**WORK INSTRUCTION**
Each line of the data should be duplicated precisely.
--- DATA UNDER STUDY Enclosed Below ---
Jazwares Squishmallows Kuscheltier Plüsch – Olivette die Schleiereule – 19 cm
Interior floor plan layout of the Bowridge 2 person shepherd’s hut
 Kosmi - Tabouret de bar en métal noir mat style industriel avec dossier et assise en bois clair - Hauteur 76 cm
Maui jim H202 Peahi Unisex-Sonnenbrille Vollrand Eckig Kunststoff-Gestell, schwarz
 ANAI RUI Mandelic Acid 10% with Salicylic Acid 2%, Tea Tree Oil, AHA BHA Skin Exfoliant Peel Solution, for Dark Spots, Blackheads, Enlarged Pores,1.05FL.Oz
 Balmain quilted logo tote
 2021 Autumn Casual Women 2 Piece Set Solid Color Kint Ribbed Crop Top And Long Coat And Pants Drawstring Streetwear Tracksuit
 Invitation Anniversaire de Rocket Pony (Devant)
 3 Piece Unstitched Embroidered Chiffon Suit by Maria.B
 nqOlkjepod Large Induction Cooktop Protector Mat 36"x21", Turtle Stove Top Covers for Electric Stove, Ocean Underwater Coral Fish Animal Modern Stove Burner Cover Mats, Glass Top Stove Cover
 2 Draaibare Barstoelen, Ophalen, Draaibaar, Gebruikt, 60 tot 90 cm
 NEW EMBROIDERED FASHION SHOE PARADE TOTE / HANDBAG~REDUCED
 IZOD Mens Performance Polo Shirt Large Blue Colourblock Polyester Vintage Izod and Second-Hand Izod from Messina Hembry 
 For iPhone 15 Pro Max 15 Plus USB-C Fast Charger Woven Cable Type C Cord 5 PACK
--- End of Enclosed DATA UNDER STUDY ---
**ANSWER TO THIS EXERCISE**
Jazwares Squishmallows Kuscheltier Plüsch – Olivette die Schleiereule – 19 cm
Interior floor plan layout of the Bowridge 2 person shepherd’s hut
 Kosmi - Tabouret de bar en métal noir mat style industriel avec dossier et assise en bois clair - Hauteur 76 cm
Maui jim H202 Peahi Unisex-Sonnenbrille Vollrand Eckig Kunststoff-Gestell, schwarz
 ANAI RUI Mandelic Acid 10% with Salicylic Acid 2%, Tea Tree Oil, AHA BHA Skin Exfoliant Peel Solution, for Dark Spots, Blackheads, Enlarged Pores,1.05FL.Oz
 Balmain quilted logo tote
 2021 Autumn Casual Women 2 Piece Set Solid Color Kint Ribbed Crop Top And Long Coat And Pants Drawstring Streetwear Tracksuit
 Invitation Anniversaire de Rocket Pony (Devant)
 3 Piece Unstitched Embroidered Chiffon Suit by Maria.B
 nqOlkjepod Large Induction Cooktop Protector Mat 36"x21", Turtle Stove Top Covers for Electric Stove, Ocean Underwater Coral Fish Animal Modern Stove Burner Cover Mats, Glass Top Stove Cover
 2 Draaibare Barstoelen, Ophalen, Draaibaar, Gebruikt, 60 tot 90 cm
 NEW EMBROIDERED FASHION SHOE PARADE TOTE / HANDBAG~REDUCED
 IZOD Mens Performance Polo Shirt Large Blue Colourblock Polyester Vintage Izod and Second-Hand Izod from Messina Hembry 
 For iPhone 15 Pro Max 15 Plus USB-C Fast Charger Woven Cable Type C Cord 5 PACK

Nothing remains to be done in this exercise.